The EMBO Journal | 1995
Jeffery A. Porter; Baruch Minke; Craig Montell
The ninaC locus encodes two unconventional myosins, p132 and p174, consisting of fused protein kinase and myosin head domains expressed in Drosophila photoreceptor cells. NinaC are the major calmodulin‐binding proteins in the retina and the NinaC‐calmodulin interaction is required for the normal subcellular localization of calmodulin as well as for normal photo‐transduction. In the current report, we present evidence for two calmodulin‐binding sites in NinaC, C1 and C2, which have different in vitro binding properties. C1 was found to be common to both p132 and p174 while C2 was unique to p174. To address the requirements for calmodulin binding at each site in vivo, we generated transgenic flies expressing ninaC genes deleted for either C1 or C2. We found that the spatial localization of calmodulin depended on binding to both C1 and C2. Furthermore, mutation of either site resulted in a defective photoresponse.

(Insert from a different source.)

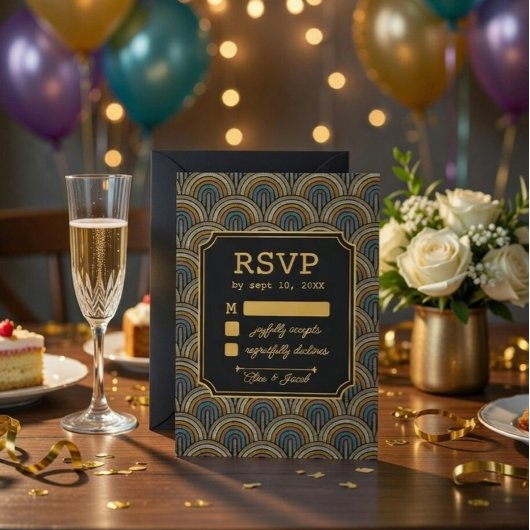 Art Deco Embroidered-Style Wedding RSVP Card Karte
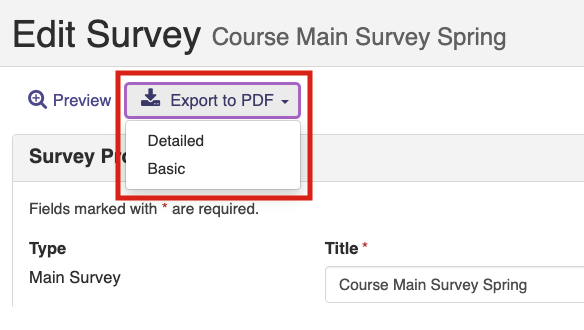 The Edit Survey page showing an Export to PDF menu open with options for Detailed and Basic highlighted.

A prolonged depolarization afterpotential (PDA) was elicited at lower light intensities than necessary to produce a PDA in wild‐type flies. These results suggest that calmodulin binding to both C1 and C2 is required in vivo for termination of phototransduction.
The EMBO Journal | 2003
Mickey Kosloff; Natalie Elia; Tamar Joel-Almagor; Rina Timberg; Troy Zars; David R. Hyde; Baruch Minke; Zvi Selinger
Heterotrimeric G‐proteins relay signals between membrane‐bound receptors and downstream effectors. Little is known, however, about the regulation of Gα subunit localization within the natural endogenous environment of a specialized signaling cell. Here we show, using live Drosophila flies, that light causes massive and reversible translocation of the visual Gqα to the cytosol, associated with marked architectural changes in the signaling compartment. Molecular genetic dissection together with detailed kinetic analysis enabled us to characterize the translocation cycle and to unravel how signaling molecules that interact with Gqα affect these processes. Epistatic analysis showed that Gqα is necessary but not sufficient to bring about the morphological changes in the signaling organelle. Furthermore, mutant analysis indicated that Gqβ is essential for targeting of Gqα to the membrane and suggested that Gqβ is also needed for efficient activation of Gqα by rhodopsin. Our results support the ‘two‐signal model’ hypothesis for membrane targeting in a living organism and characterize the regulation of both the activity‐dependent Gq localization and the cellular architectural changes in Drosophila photoreceptors.